DENVER (CBS4) - A group of Denver residents has started a petition in hopes of preventing the city from modifying bike lanes in their neighborhood. As part of the Elevate Denver Bond Program -- which voters approved in 2017 to enhance roads, parks, sidewalks, public-owned buildings and more -- the city is using $18 million toward the design and construction of 50 miles of bikeways citywide.
The current bike lanes along Marion Street Parkway, according to Denver Public Works, are among those identified that could benefit from some becoming a "high comfort" bikeway.
"We heard from people that they would be more likely to use the bike lane if it had more of a type of safer protection," Heather Burke, Communications Specialist for Denver Public Works, said. "So what a high comfort bikeway does is it gives a dedicated space on streets for people on bikes, people on cars and prevents conflicts.
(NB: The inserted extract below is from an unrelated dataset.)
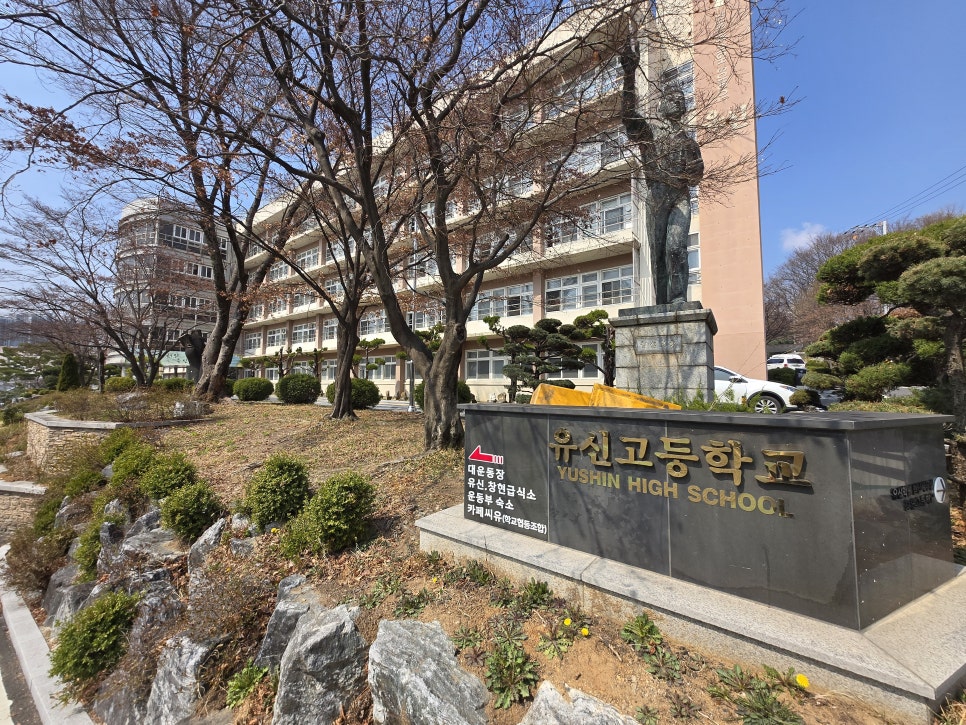 장애인 편의시설 공사 [수원 유신고등학교ㅣ(주)이룸편의시설BF] : 네이버 블로그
It gives you a more safe connection to get to parks, schools, transit, places people want to go."
Among the options the city presented to neighbors during a public meeting last month is the possibility of installing bollards to protect the bike lanes. However, some people who live in the area want the city to pump the brakes on that idea.
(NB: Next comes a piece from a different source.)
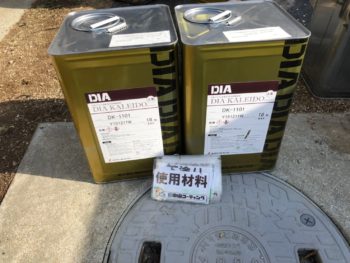 ダイヤカレイド　DK-1101　塗料　使用材料　徳島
"It's really not necessary," Voradel Carey, who has lived on Marion Street Parkway for nearly three decades, said.
Carey told CBS4's Kelly Werthmann the city's proposal would put her neighborhood at risk, threatening the parkways' protected status as a historical landmark.
"That would destroy the beauty of the current parkway and it doesn't go with the Denver design guidelines," she explained, adding she commends the city's goal of creating safe commutes for cyclists.
"Either leave things how they are," Carey said, "or put it back where it was when I moved here 27 years ago, next to the parkway not between traffic and the parking lane."
Carey is among the more than 100 neighbors, she said, that have signed a petition opposing the city's bike lane project in its current form. It suggests protesters reach out to city officials, including the Mayor's office and Parks and Recreation manager, to modify the "flawed" plan.
"We are looking at different types of protection options," Burke explained. "Denver Public Works has been coordinating with Denver Parks & Recreation and we'll continue to do that to make sure any type of concept or design we move forward with is in line with those historic requirements."
Burke added this project is still in the early stages and community concerns will be considered before a preferred option is presented in the fall. That's when additional public meetings will take place on the bikeways plan before construction may begin in 2020.